APB's Second Life
GamersFirst's CCO talks why, how and when for the APB relaunch
Project My World would live, but APB would die. That seemed to be the final legacy of Realtime World's sad, sudden collapse this summer. Then, last week, unexpected news broke that K2 Network, the company behind free-to-play service GamersFirst, had picked up the MMO's technology and intellectual property.
The company has traditionally specialised in converting Korean MMOs for the Western market, but with APB the challenge is transitioning a retail and subscription-based game into the free to play model - as well as assuaging public doubts about the game following a critical mauling. GamesIndustry.biz spoke to GamersFirst CCO and CTO Bjorn Book-Larsson about plans for the game, the obstacles yet to be faced, and the possibility of working with former Real Time Worlds staff.
I think the biggest response has been our inboxes have been crashed... Overwhelmingly though it's been positive. There's been a lot of people, including my own friends in various companies, who have reached out and said 'woo hoo' and 'good luck.' They're all behaving, I think, like we're sitting on top of a rollercoaster and that's a very exciting but at the same time kinda of scary ride. Obviously this was a very large and complicated title, and to modify it is itself a large task. It's a big job. On the other hand, we do have about seven years of free to play publishing experience, we have all the data on how users behave in these games. We think the modifications we are initially proposing are relatively low complexity, and they will be in line with things that we've seen in other games that we publish.
So as our whole business is driven by looking at the user feedback and modifying the games accordingly, this isn't actually that far from what we do anyway.
It's still a long job. And that's on top of the users - we have about 30 million registered users, so half of them roughly have been registering for shooter-type games. So we have an audience too. It's still a complex job, partly because the game and the engine are complex enough that the risk is that we break something far deeper into the original code when we make some of these modifications. So it's more of an issue with trying to figure out how to not do that - it will get quite a bit of time to get the point where we can freely modify something, where we essentially know all the dependencies.
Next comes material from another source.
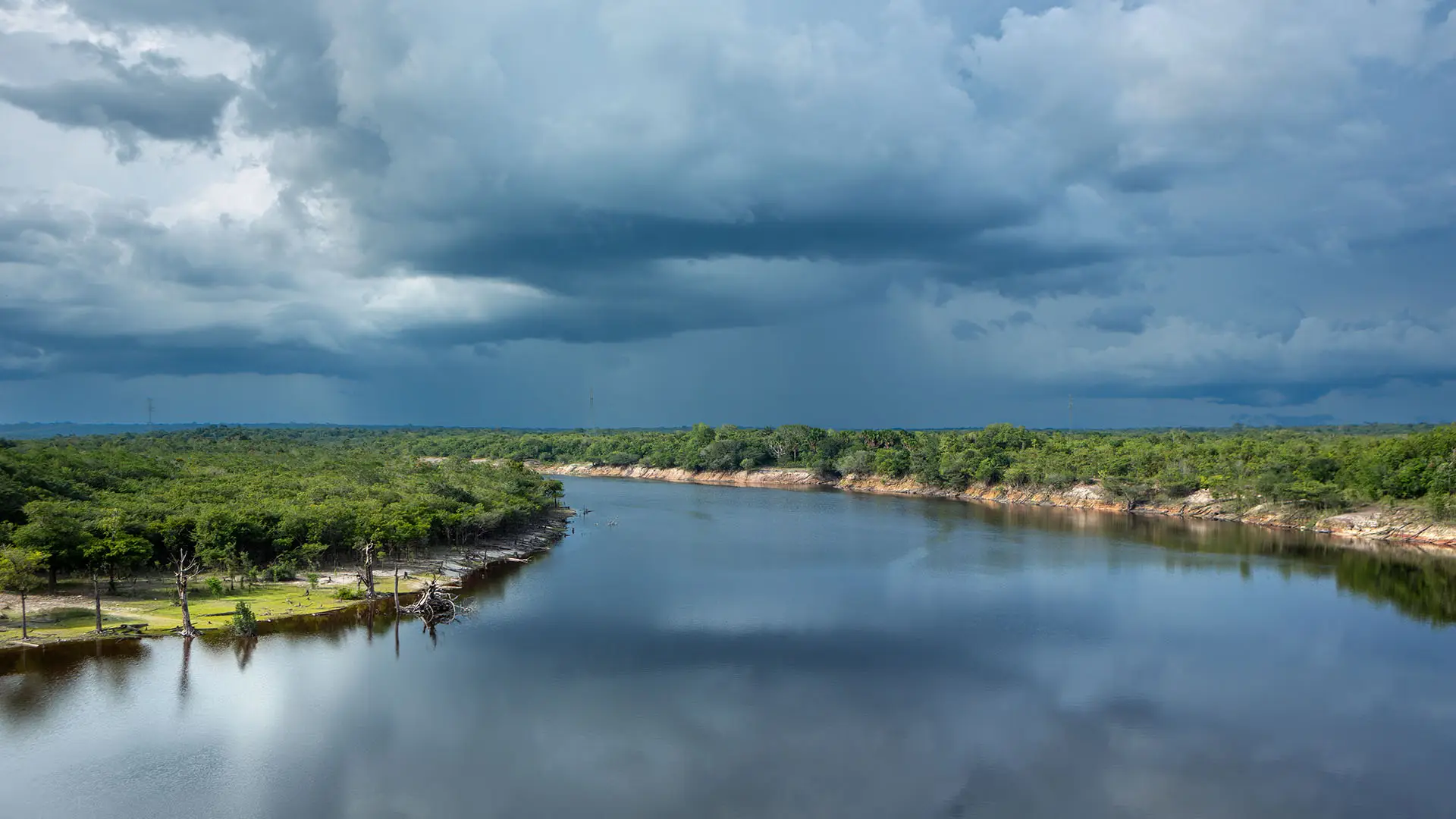 Beautiful view of Urubu River, forest trees in cloudy summer day before rain and storm in Amazon Rainforest. Manaus, Amazonas, Brazil. Foto: Imago Photo - stock.adobe.com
So realistically we hope to release the game in the first half of 2011, leaving it sort of open-ended, and then after we first release it we then anticipate that we'll have a 6 - 12 month ramp up time when the game is out to the public. We will of course continue to work on it extensively during that period. And even the sales cycle will work in similar ways. During this ramp-up period we expect that we will make initially no sales, but then they will increase over the following 12 months.
If you look at the other games we have, they tend to live almost forever. War Rock has been around since 2006 in Korea and 2007 in the West, and we have games like Knight Online which has really been around for about 10 years, at least in Korea, and we have modified and published it since about 2005. And it still gets 50,000 simultaneous players very often. It's an interesting business, where in free to play we tend to build something that's more of a solid platform for games, then you tweak and add game modes and modify the game - essentially forever, as long as you have that initial user base.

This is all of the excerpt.